What to work on:
Pictures are to be left out, and only the lines from the one with "Hello, welcome to" through the last line of the listing below are to be repeated exactly.

Data extract:
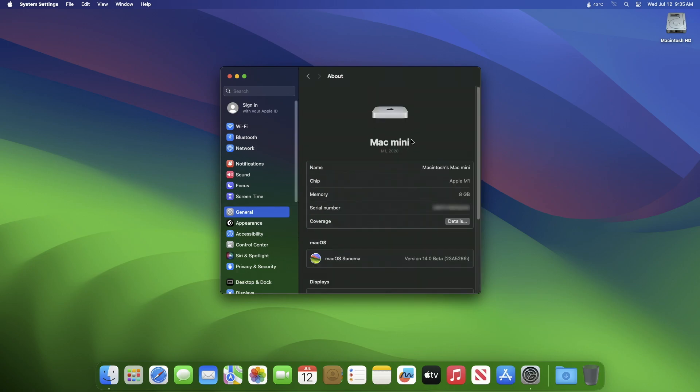As you can see, macOS Sonoma has been successfully updated to beta 3 and the build number is 23A5286i.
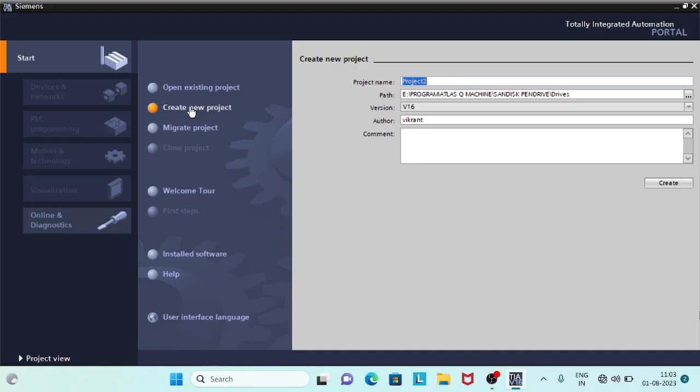Hello, welcome to the next video of TIA Portal. In this video, we will discuss about PID Compact in TIA Portal.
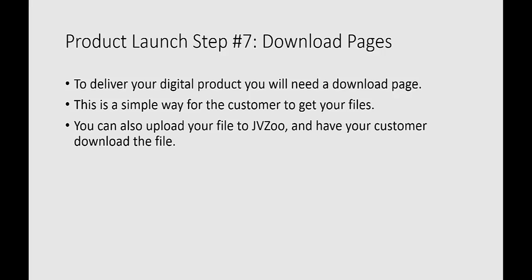Alternatively, and this is going to be the recommended approach that we have for this particular no-cost product launch, is that you can upload your file to JVZoo and have your customer download a zip file which contains your e-books, your videos, maybe instructions, whatever the case is that you sold them.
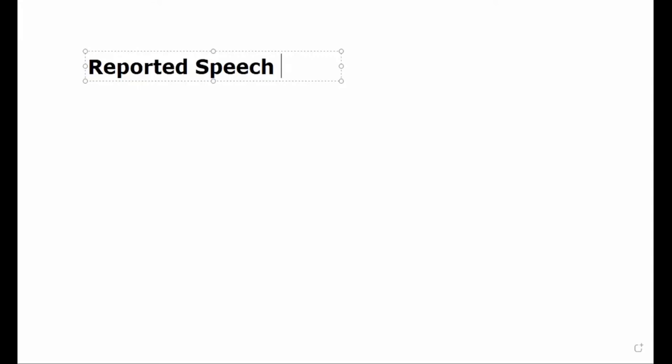Reported speech — as I told you before, any speech has two parties: one speaking and one listening, speaker and listener. If the speech goes from the speaker to the listener directly, without anyone in between, this is called direct speech. Like I'm talking to you now, you're listening to me — I'm the speaker, you are the listener. This is direct.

Task response:
Hello, welcome to the next video of TIA Portal. In this video, we will discuss about PID Compact in TIA Portal.
Alternatively, and this is going to be the recommended approach that we have for this particular no-cost product launch, is that you can upload your file to JVZoo and have your customer download a zip file which contains your e-books, your videos, maybe instructions, whatever the case is that you sold them.
Reported speech — as I told you before, any speech has two parties: one speaking and one listening, speaker and listener. If the speech goes from the speaker to the listener directly, without anyone in between, this is called direct speech. Like I'm talking to you now, you're listening to me — I'm the speaker, you are the listener. This is direct.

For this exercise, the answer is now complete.